** Available data follows **
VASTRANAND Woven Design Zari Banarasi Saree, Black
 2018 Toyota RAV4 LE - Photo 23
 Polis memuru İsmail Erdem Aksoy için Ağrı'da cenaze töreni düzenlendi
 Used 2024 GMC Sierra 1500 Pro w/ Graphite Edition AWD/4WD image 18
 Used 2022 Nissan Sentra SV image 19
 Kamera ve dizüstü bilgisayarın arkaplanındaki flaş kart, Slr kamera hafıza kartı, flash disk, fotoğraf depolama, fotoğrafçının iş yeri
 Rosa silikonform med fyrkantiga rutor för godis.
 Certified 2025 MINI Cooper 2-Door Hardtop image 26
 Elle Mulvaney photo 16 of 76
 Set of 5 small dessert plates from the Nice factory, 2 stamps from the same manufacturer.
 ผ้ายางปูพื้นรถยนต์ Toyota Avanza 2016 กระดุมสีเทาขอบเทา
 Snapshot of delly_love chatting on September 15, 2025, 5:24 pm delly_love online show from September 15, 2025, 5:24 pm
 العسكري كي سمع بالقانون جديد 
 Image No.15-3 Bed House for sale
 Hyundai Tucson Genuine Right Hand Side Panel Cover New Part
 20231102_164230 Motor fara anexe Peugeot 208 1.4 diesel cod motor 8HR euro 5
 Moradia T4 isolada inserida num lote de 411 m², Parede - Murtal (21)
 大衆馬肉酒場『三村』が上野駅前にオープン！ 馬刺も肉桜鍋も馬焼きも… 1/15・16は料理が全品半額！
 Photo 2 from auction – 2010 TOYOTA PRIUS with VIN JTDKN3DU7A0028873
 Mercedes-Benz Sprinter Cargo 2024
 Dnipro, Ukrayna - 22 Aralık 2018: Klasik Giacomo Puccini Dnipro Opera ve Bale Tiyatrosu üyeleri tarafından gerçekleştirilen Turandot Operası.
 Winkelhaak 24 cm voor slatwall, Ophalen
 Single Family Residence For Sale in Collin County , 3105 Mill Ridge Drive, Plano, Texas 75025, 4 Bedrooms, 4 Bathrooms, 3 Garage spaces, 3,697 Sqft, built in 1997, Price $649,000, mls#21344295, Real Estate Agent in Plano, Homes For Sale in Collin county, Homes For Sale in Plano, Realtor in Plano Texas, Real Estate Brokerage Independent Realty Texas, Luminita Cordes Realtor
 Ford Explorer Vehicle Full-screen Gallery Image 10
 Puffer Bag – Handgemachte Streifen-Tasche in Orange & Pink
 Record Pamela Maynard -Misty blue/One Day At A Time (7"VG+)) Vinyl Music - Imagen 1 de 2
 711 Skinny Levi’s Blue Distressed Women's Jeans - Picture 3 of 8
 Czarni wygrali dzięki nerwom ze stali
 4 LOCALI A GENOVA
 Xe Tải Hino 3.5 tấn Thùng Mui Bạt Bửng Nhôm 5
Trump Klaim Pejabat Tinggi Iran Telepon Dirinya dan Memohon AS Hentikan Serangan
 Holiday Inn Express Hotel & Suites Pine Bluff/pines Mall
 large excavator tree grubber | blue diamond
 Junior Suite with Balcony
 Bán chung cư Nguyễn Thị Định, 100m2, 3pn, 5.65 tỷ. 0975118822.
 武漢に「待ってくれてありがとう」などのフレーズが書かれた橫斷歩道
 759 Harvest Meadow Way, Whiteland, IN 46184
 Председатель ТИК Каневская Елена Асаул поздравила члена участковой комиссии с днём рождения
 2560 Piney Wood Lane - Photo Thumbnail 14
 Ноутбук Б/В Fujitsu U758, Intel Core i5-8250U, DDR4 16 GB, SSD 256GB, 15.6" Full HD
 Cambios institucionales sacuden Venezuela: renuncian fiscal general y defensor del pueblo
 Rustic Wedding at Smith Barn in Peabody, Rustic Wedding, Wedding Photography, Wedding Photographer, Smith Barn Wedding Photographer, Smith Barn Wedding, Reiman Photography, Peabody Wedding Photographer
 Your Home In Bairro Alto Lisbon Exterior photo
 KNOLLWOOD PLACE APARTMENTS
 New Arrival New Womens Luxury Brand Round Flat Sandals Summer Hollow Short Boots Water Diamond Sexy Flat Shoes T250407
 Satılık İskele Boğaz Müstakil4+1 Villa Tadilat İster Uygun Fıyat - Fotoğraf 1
** End of Available data **
- **Your objective**: The records above are to be transcribed exactly, with nothing left out.

- **Output for this exercise**:
VASTRANAND Woven Design Zari Banarasi Saree, Black
 2018 Toyota RAV4 LE - Photo 23
 Polis memuru İsmail Erdem Aksoy için Ağrı'da cenaze töreni düzenlendi
 Used 2024 GMC Sierra 1500 Pro w/ Graphite Edition AWD/4WD image 18
 Used 2022 Nissan Sentra SV image 19
 Kamera ve dizüstü bilgisayarın arkaplanındaki flaş kart, Slr kamera hafıza kartı, flash disk, fotoğraf depolama, fotoğrafçının iş yeri
 Rosa silikonform med fyrkantiga rutor för godis.
 Certified 2025 MINI Cooper 2-Door Hardtop image 26
 Elle Mulvaney photo 16 of 76
 Set of 5 small dessert plates from the Nice factory, 2 stamps from the same manufacturer.
 ผ้ายางปูพื้นรถยนต์ Toyota Avanza 2016 กระดุมสีเทาขอบเทา
 Snapshot of delly_love chatting on September 15, 2025, 5:24 pm delly_love online show from September 15, 2025, 5:24 pm
 العسكري كي سمع بالقانون جديد 
 Image No.15-3 Bed House for sale
 Hyundai Tucson Genuine Right Hand Side Panel Cover New Part
 20231102_164230 Motor fara anexe Peugeot 208 1.4 diesel cod motor 8HR euro 5
 Moradia T4 isolada inserida num lote de 411 m², Parede - Murtal (21)
 大衆馬肉酒場『三村』が上野駅前にオープン！ 馬刺も肉桜鍋も馬焼きも… 1/15・16は料理が全品半額！
 Photo 2 from auction – 2010 TOYOTA PRIUS with VIN JTDKN3DU7A0028873
 Mercedes-Benz Sprinter Cargo 2024
 Dnipro, Ukrayna - 22 Aralık 2018: Klasik Giacomo Puccini Dnipro Opera ve Bale Tiyatrosu üyeleri tarafından gerçekleştirilen Turandot Operası.
 Winkelhaak 24 cm voor slatwall, Ophalen
 Single Family Residence For Sale in Collin County , 3105 Mill Ridge Drive, Plano, Texas 75025, 4 Bedrooms, 4 Bathrooms, 3 Garage spaces, 3,697 Sqft, built in 1997, Price $649,000, mls#21344295, Real Estate Agent in Plano, Homes For Sale in Collin county, Homes For Sale in Plano, Realtor in Plano Texas, Real Estate Brokerage Independent Realty Texas, Luminita Cordes Realtor
 Ford Explorer Vehicle Full-screen Gallery Image 10
 Puffer Bag – Handgemachte Streifen-Tasche in Orange & Pink
 Record Pamela Maynard -Misty blue/One Day At A Time (7"VG+)) Vinyl Music - Imagen 1 de 2
 711 Skinny Levi’s Blue Distressed Women's Jeans - Picture 3 of 8
 Czarni wygrali dzięki nerwom ze stali
 4 LOCALI A GENOVA
 Xe Tải Hino 3.5 tấn Thùng Mui Bạt Bửng Nhôm 5
Trump Klaim Pejabat Tinggi Iran Telepon Dirinya dan Memohon AS Hentikan Serangan
 Holiday Inn Express Hotel & Suites Pine Bluff/pines Mall
 large excavator tree grubber | blue diamond
 Junior Suite with Balcony
 Bán chung cư Nguyễn Thị Định, 100m2, 3pn, 5.65 tỷ. 0975118822.
 武漢に「待ってくれてありがとう」などのフレーズが書かれた橫斷歩道
 759 Harvest Meadow Way, Whiteland, IN 46184
 Председатель ТИК Каневская Елена Асаул поздравила члена участковой комиссии с днём рождения
 2560 Piney Wood Lane - Photo Thumbnail 14
 Ноутбук Б/В Fujitsu U758, Intel Core i5-8250U, DDR4 16 GB, SSD 256GB, 15.6" Full HD
 Cambios institucionales sacuden Venezuela: renuncian fiscal general y defensor del pueblo
 Rustic Wedding at Smith Barn in Peabody, Rustic Wedding, Wedding Photography, Wedding Photographer, Smith Barn Wedding Photographer, Smith Barn Wedding, Reiman Photography, Peabody Wedding Photographer
 Your Home In Bairro Alto Lisbon Exterior photo
 KNOLLWOOD PLACE APARTMENTS
 New Arrival New Womens Luxury Brand Round Flat Sandals Summer Hollow Short Boots Water Diamond Sexy Flat Shoes T250407
 Satılık İskele Boğaz Müstakil4+1 Villa Tadilat İster Uygun Fıyat - Fotoğraf 1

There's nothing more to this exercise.